What this means in practice is that a 32-bit floating-point value (e.g. a float) can represent any number between 1.17549435e-38 and 3.40282347e+38, where the e separates the (base 10) exponent. Operations that would create a smaller value will underflow to 0 (slowly—IEEE 754 allows "denormalized" floating point numbers with reduced precision for very small values) and operations that would create a larger value will produce inf or -inf instead.

For a 64-bit double, the size of both the exponent and mantissa are larger; this gives a range from 1.7976931348623157e+308 to 2.2250738585072014e-308, with similar behavior on underflow and overflow.

Intel processors internally use an even larger 80-bit floating-point format for all operations. Unless you declare your variables as long double, this should not be visible to you from C except that some operations that might otherwise produce overflow errors will not do so, provided all the variables involved sit in registers (typically the case only for local variables and function parameters).

39. Error

In general, floating-point numbers are not exact: they are likely to contain round-off error because of the truncation of the mantissa to a fixed number of bits. This is particularly noticeable for large values (e.g. 1e+12 in the table above), but can also be seen in fractions with values that aren't powers of 2 in the denominator (e.g. 0.1). Round-off error is often invisible with the default float output formats, since they produce fewer digits than are stored internally, but can accumulate over time, particularly if you subtract floating-point quantities with values that are close (this wipes out the mantissa without wiping out the error, making the error much larger relative to the number that remains).

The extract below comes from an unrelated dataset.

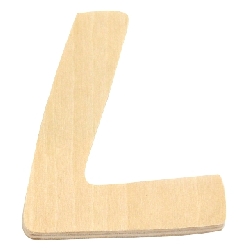houten letter L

The easiest way to avoid accumulating error is to use high-precision floating-point numbers (this means using double instead of float). On modern CPUs there is little or no time penalty for doing so, although storing doubles instead of floats will take twice as much space in memory.

Note that a consequence of the internal structure of IEEE 754 floating-point numbers is that small integers and fractions with small numerators and power-of-2 denominators can be represented exactly—indeed, the IEEE 754 standard carefully defines floating-point operations so that arithmetic on such exact integers will give the same answers as integer arithmetic would (except, of course, for division that produces a remainder). This fact can sometimes be exploited to get higher precision on integer values than is available from the standard integer types; for example, a double can represent any integer between -2⁵³ and 2⁵³ exactly, which is a much wider range than the values from 2^-31^ to 2^31^-1 that fit in a 32-bit int or long.  (A 64-bit long long does better.)  So double` should be considered for applications where large precise integers are needed (such as calculating the net worth in pennies of a billionaire.)

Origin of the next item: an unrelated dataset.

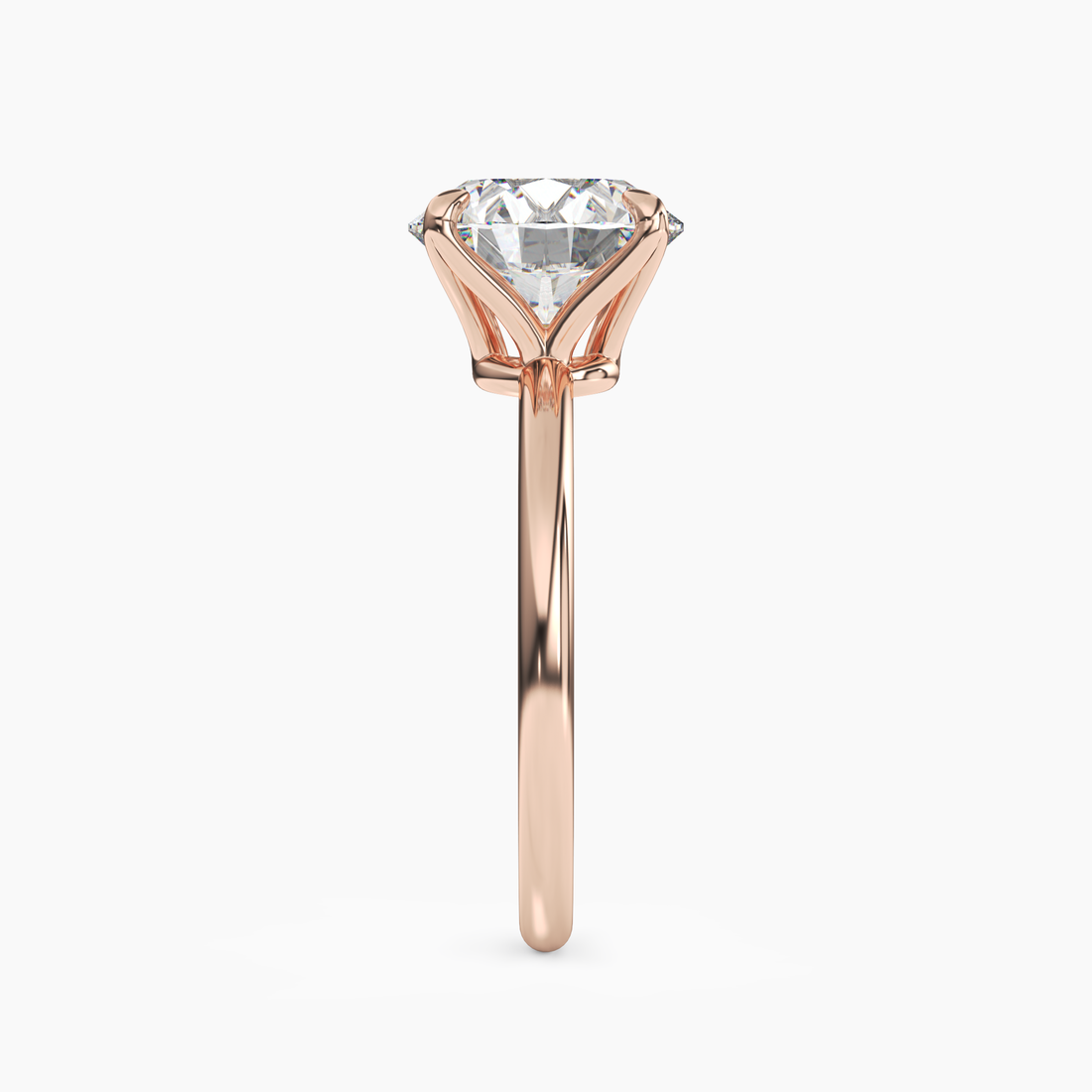 Brielle Round Solitaire 2 Carat Lab Grown Diamond Engagement Ring in 14K White Gold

One consequence of round-off error is that it is very difficult to test floating-point numbers for equality, unless you are sure you have an exact value as described above. It is generally not the case, for example, that (0.1+0.1+0.1) == 0.3 in C. This can produce odd results if you try writing something like for(f = 0.0; f <= 0.3; f += 0.1): it will be hard to predict in advance whether the loop body will be executed with f = 0.3 or not. (Even more hilarity ensues if you write for(f = 0.0; f != 0.3; f += 0.1), which after not quite hitting 0.3 exactly keeps looping for much longer than I am willing to wait to see it stop, but which I suspect will eventually converge to some constant value of f large enough that adding 0.1 to it has no effect.) Most of the time when you are tempted to test floats for equality, you are better off testing if one lies within a small distance from the other, e.g. by testing fabs(x-y) <= fabs(EPSILON * y), where EPSILON is usually some application-dependent tolerance. This isn't quite the same as equality (for example, it isn't transitive), but it usually closer to what you want.

40. Reading and writing floating-point numbers

Any numeric constant in a C program that contains a decimal point is treated as a double by default. You can also use e or E to add a base-10 exponent (see the table for some examples of this.) If you want to insist that a constant value is a float for some reason, you can append F on the end, as in 1.0F.

For I/O, floating-point values are most easily read and written using scanf (and its relatives fscanf and sscanf) and printf. For printf, there is an elaborate variety of floating-point format codes; the easiest way to find out what these do is experiment with them. For scanf, pretty much the only two codes you need are "%lf", which reads a double value into a double *, and "%f", which reads a float value into a float *. Both these formats are exactly the same in printf, since a float is promoted to a double before being passed as an argument to printf (or any other function that doesn't declare the type of its arguments). But you have to be careful with the arguments to scanf or you will get odd results as only 4 bytes of your 8-byte double are filled in, or—even worse—8 bytes of your 4-byte float are.

41. Non-finite numbers in C

The values nan, inf, and -inf can't be written in this form as floating-point constants in a C program, but printf will generate them and scanf seems to recognize them. With some machines and compilers you may be able to use the macros INFINITY and NAN from <math.h> to generate infinite quantities. The macros isinf and isnan can be used to detect such quantities if they occur.

42. The math library

(See also KernighanRitchie Appendix B4.)

Many mathematical functions on floating-point values are not linked into C programs by default, but can be obtained by linking in the math library. Examples would be the trigonometric functions sin, cos, and tan (plus more exotic ones), sqrt for taking square roots, pow for exponentiation, log and exp for base-e logs and exponents, and fmod for when you really want to write x%y but one or both variables is a double. The standard math library functions all take doubles as arguments and return double values; most implementations also provide some extra functions with similar names (e.g., sinf) that use floats instead, for applications where space or speed is more important than accuracy.

There are two parts to using the math library. The first is to include the line

   1 #include <math.h>
   2 

somewhere at the top of your source file. This tells the preprocessor to paste in the declarations of the math library functions found in /usr/include/math.h.

The second step is to link to the math library when you compile. This is done by passing the flag -lm to gcc after your C program source file(s). A typical command might be:

gcc -o program program.c -lm

If you don't do this, you will get errors from the compiler about missing functions. The reason is that the math library is not linked in by default, since for many system programs it's not needed.

CategoryProgrammingNotes

A function, procedure, or subroutine encapsulates some complex computation as a single operation. Typically, when we call a function, we pass as arguments all the information this function needs, and any effect it has will be reflected in either its return value or (in some cases) in changes to values pointed to by the arguments. Inside the function, the arguments are copied into local variables, which can be used just like any other local variable---they can even be assigned to without affecting the original argument.

44. Function definitions

A typical function definition looks like this:

   1 /* Returns the square of the distance between two points separated by 
   2    dx in the x direction and dy in the y direction. */
   3 int
   4 distSquared(int dx, int dy)
   5 {
   6     return dx*dx + dy*dy;
   7 }